Unicode & LaTeX Compatibility (MANDATORY for PDF)

PDF generation via LaTeX has limited Unicode support. Before PDF conversion, you MUST sanitize:

Character	Issue	Safe Replacement
`—` (em dash)	LaTeX incompatibility	`--`
`–` (en dash)	LaTeX incompatibility	`-`
`" "` (curly quotes)	Encoding errors	`" "` (straight)
`' '` (curly apostrophe)	Encoding errors	`'` (straight)
`…` (ellipsis)	May not render	`...`
`→` `←` `↑` `↓` (arrows)	LaTeX incompatibility	`->` `<-` `^` `v`
`✓` `✗` (checkmarks)	May not render	`[x]` `[ ]`
`★` `●` (symbols)	May not render	`*` `-`
`©` `®` `™`	Require packages	`(c)` `(r)` `(tm)`
Non-ASCII (é, ñ, ü)	Font-dependent	Keep for xelatex, sanitize for pdflatex

DOCX and HTML handle Unicode natively - use original markdown for these formats.

Step-by-Step Workflow

Step 0: Pre-Flight Validation

run_shell
command: which pandoc || (apt-get update && apt-get install -y pandoc)

run_shell
command: which xelatex || echo "xelatex not available - will use fallback"

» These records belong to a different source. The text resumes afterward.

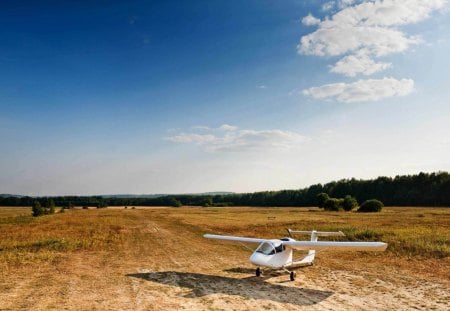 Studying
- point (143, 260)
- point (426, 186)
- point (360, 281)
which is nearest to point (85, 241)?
point (143, 260)

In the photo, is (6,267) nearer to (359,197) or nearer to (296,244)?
(296,244)

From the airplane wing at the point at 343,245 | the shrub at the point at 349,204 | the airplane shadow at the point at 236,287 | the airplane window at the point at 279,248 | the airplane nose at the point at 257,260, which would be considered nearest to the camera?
the airplane shadow at the point at 236,287

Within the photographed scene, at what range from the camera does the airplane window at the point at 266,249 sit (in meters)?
18.5

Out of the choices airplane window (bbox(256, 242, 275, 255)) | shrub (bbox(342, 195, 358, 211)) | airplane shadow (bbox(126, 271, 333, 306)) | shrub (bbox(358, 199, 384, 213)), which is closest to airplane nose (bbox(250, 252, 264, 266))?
airplane window (bbox(256, 242, 275, 255))

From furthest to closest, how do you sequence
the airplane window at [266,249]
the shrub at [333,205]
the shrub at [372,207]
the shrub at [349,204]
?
the shrub at [333,205], the shrub at [349,204], the shrub at [372,207], the airplane window at [266,249]

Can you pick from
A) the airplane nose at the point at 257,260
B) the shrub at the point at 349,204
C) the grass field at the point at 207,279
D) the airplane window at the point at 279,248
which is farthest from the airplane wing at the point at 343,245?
the shrub at the point at 349,204

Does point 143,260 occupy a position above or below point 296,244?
below

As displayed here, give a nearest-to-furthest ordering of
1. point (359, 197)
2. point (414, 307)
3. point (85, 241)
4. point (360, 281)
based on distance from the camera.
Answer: point (414, 307) < point (360, 281) < point (85, 241) < point (359, 197)

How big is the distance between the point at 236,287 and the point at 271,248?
9.12 feet

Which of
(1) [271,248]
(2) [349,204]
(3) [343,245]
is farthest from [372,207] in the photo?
(1) [271,248]

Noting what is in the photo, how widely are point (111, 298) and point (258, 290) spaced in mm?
6567

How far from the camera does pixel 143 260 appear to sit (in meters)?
24.6

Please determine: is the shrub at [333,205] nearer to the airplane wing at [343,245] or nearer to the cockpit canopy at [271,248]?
the airplane wing at [343,245]

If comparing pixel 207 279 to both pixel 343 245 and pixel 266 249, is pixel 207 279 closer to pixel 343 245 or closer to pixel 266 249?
pixel 266 249
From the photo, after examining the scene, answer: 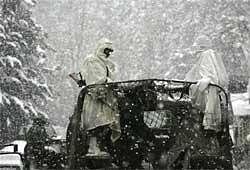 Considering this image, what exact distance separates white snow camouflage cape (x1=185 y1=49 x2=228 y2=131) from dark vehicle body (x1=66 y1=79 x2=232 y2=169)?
10 cm

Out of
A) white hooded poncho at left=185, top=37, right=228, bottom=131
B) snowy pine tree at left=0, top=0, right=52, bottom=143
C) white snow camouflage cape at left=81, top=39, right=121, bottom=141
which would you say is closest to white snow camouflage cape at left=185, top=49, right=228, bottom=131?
white hooded poncho at left=185, top=37, right=228, bottom=131

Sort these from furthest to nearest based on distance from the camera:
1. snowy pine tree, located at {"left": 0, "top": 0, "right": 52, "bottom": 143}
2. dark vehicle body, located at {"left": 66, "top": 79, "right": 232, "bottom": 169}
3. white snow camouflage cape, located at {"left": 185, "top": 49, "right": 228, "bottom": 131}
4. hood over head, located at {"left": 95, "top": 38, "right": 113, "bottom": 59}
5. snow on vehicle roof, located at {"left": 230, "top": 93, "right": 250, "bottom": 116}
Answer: snowy pine tree, located at {"left": 0, "top": 0, "right": 52, "bottom": 143} < snow on vehicle roof, located at {"left": 230, "top": 93, "right": 250, "bottom": 116} < hood over head, located at {"left": 95, "top": 38, "right": 113, "bottom": 59} < white snow camouflage cape, located at {"left": 185, "top": 49, "right": 228, "bottom": 131} < dark vehicle body, located at {"left": 66, "top": 79, "right": 232, "bottom": 169}

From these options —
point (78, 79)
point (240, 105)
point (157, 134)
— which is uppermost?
point (78, 79)

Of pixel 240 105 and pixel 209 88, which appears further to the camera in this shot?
pixel 240 105

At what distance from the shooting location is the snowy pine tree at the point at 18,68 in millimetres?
22469

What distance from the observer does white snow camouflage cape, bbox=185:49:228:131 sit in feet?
23.5

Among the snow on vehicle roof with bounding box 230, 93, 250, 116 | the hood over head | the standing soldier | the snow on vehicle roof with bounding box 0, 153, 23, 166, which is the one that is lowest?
the snow on vehicle roof with bounding box 0, 153, 23, 166

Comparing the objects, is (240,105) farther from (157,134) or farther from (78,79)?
(78,79)

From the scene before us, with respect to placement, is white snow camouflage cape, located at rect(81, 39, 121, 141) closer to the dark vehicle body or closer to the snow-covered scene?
the snow-covered scene

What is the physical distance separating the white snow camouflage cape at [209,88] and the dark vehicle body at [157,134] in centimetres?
10

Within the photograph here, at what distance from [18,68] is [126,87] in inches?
653

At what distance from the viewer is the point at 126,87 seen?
7.27 meters

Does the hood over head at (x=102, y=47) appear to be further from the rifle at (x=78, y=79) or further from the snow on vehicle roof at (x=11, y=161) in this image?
the snow on vehicle roof at (x=11, y=161)

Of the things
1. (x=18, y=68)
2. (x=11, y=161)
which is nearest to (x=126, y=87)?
(x=11, y=161) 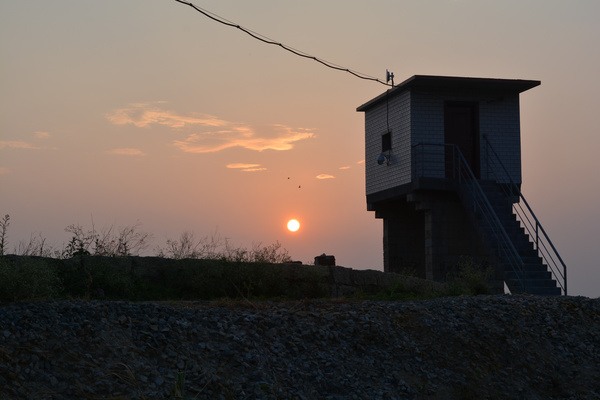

Step 1: Create Source Content with write_file

write_file
path: /tmp/document_source.md
content: |
  # Document Title
  
  ## Section 1
  Your content here with full Unicode support...
  
  ## Section 2
  Special chars: "quotes" — dashes … ellipsis ✓ checkmarks

Step 2: Create Sanitized Version for PDF (MANDATORY)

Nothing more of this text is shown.